As reception studies expand, comics follow the path of film as a medium full of classical appropriations calling for literary, artistic, and social analysis. Classics and Comics is a useful compendium of essays for students of the reception of classical mythology, literature, and history in the modern world, as well as for students of narrative theory. The volume makes accessible to a wider critical audience the theoretical and practical criticisms of these media from the last decade and earlier. The volume is, however, not pitched as an undergraduate text for those of us who use comics in the classroom in the cross-cultural study of heroes and in the appreciation of the differences that pictures make in story-telling. For that I find Chris Knowles and Joseph Michael Linsner, Our Gods Wear Spandex: The Secret History of Comic Book Heroes (San Francisco, CA/Newburyport, MA: Weiser Books, 2007) very useful, especially for its discussion of the two broad categories of superhero, the messiahs and the golems. Much of the classical presence in comics is purely superficial, of course; Nicholas Theisen in an essay on manga deploys the excellent phrase “the narratological equivalent of a stock photo” (62) that could well be used in other contexts where classical names and motifs appear without any signs of critical engagement. But even superficiality needs to be recognized and addressed (one frequently wonders why some comics can make so little out of a classical inheritance so rich), and much is not superficial, from the psychologically sophisticated (Neil Gaiman, for a single example) to the overly detailed (Eric Shanower).
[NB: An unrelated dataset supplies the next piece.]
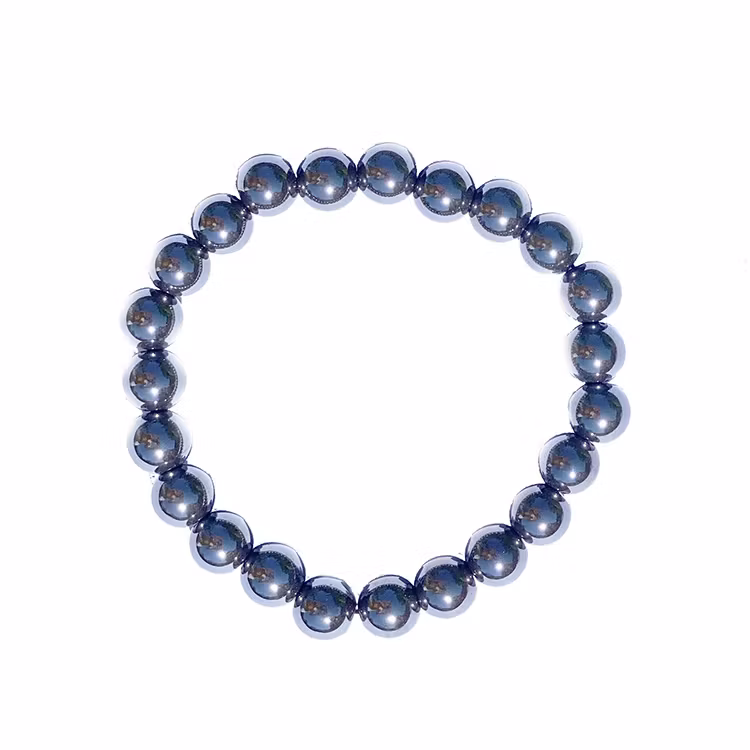 Hematit 8mm pärlor Armband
The essays are divided into four sections. (A full Table of Contents can be seen via the Preview link above.) The first addresses how the theoretical principles that inform the modern study of sequential art can address classical issues. Kyle Johnson’s essay fruitfully examines how to read the text of the Shield of Achilles in these terms without, however, addressing the actual physical design of the story panels on the shield. Brett Rogers has a nice piece on the limitations of Campbell’s “Hero’s Journey” in the comics world where that myth is frequently and explicitly adopted as a story-framing device; working backwards into the classical world it offers a nice antidote for students too enamored of Hero with a Thousand Faces. The section “Gods and Heroes” includes the editor Marshall’s very nice piece on the Furies as reflected in Wonder Woman and in Gaiman’s Sandman; in the contributors section we learn that Marshall has been researching the present volume, and not just this essay, since he was eleven, and we see just how sophisticated the enthusiasms of a life-long fan can be.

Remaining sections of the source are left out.